Simone Weil, L'Enracinement, Prélude à une déclaration des devoirs envers l'être humain, 1949 (posthume), 2e partie, Gallimard idées, p. 54.


 

  "La reconnaissance n'est pas une revendication marginale de ceux qui travaillent. Bien au contraire, elle apparaît comme décisive dans la dynamique de la mobilisation subjective de l'intelligence et de la personnalité dans le travail. […]
  De la reconnaissance dépend en effet le sens de la souffrance. Lorsque la qualité de mon travail est reconnue, ce sont aussi mes efforts, mes angoisses, mes doutes, mes déceptions, mes découragements qui prennent sens.

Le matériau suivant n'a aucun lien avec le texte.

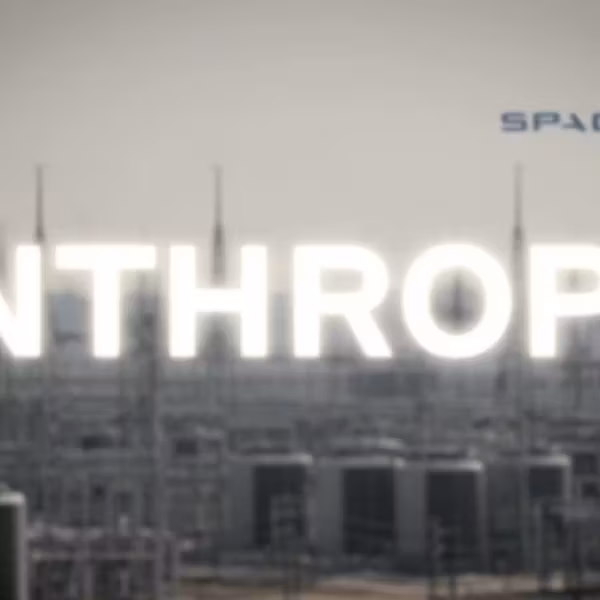 Билборд с логотипами Anthropic и SpaceX на крыше здания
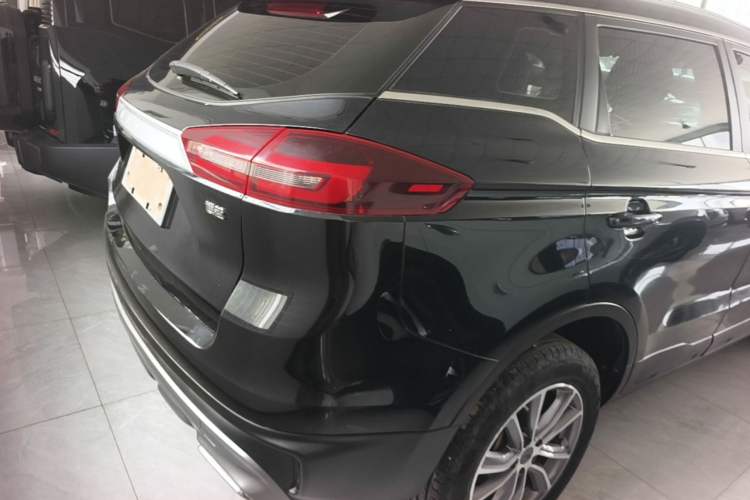 Used Geely Auto Emgrand X7 Sport 2021 Million Edition 1.8TD DCT Two-Wheel Drive Comfort Model Right Rear Taillight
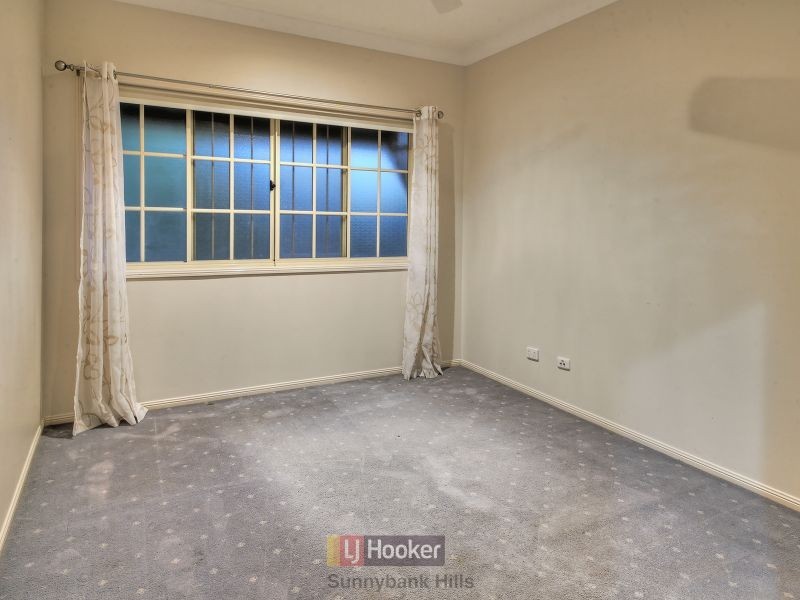 8 Franquin Crescent, Kuraby QLD 4112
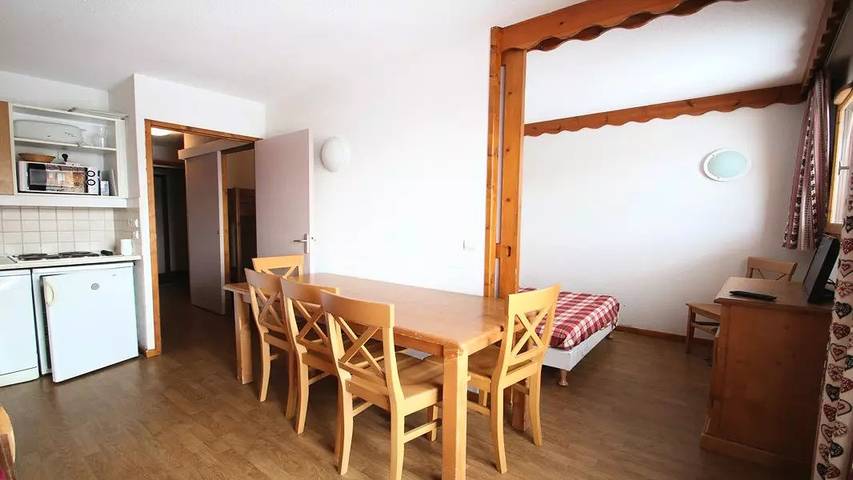 Gîte pour 7 personnes, avec vue ainsi que piscine et balcon, animaux acceptés à Puy-Saint-Vincent - 4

Toute cette souffrance n'a donc pas été vaine, elle a non seulement produit une contribution à l'organisation du travail mais elle a fait, en retour, de moi un sujet différent de celui que j'étais avant la reconnaissance. La reconnaissance du travail, voire de l'œuvre, le sujet peut la rapatrier ensuite dans le registre de la construction de son identité. Et ce temps se traduit effectivement par un sentiment de soulagement, de plaisir, parfois de légèreté d'être, d'élation[1] même. Alors le travail s'inscrit dans la dynamique de l'accomplissement de soi. L'identité constitue l'armature de la santé mentale. Pas de crise psychopathologique qui ne soit centrée par une crise d'identité. C'est ce qui confère au rapport au travail sa dimension proprement dramatique. Faute des bénéfices de la reconnaissance de son travail et de pouvoir accéder ainsi au sens de son rapport vécu au travail, le sujet est renvoyé à sa souffrance et à elle seule. Souffrance absurde qui ne génère que de la souffrance, selon un cercle vicieux, et bientôt déstructurant, capable de déstabiliser l'identité et la personnalité et de conduire à des maladies mentales. De ce fait, il n'y a pas de neutralité du travail vis-à-vis de la santé mentale."

 

Christophe Dejours, Souffrance en France : La banalisation de l'injustice sociale, 1998, Points Essais, 2006, p. 40-41.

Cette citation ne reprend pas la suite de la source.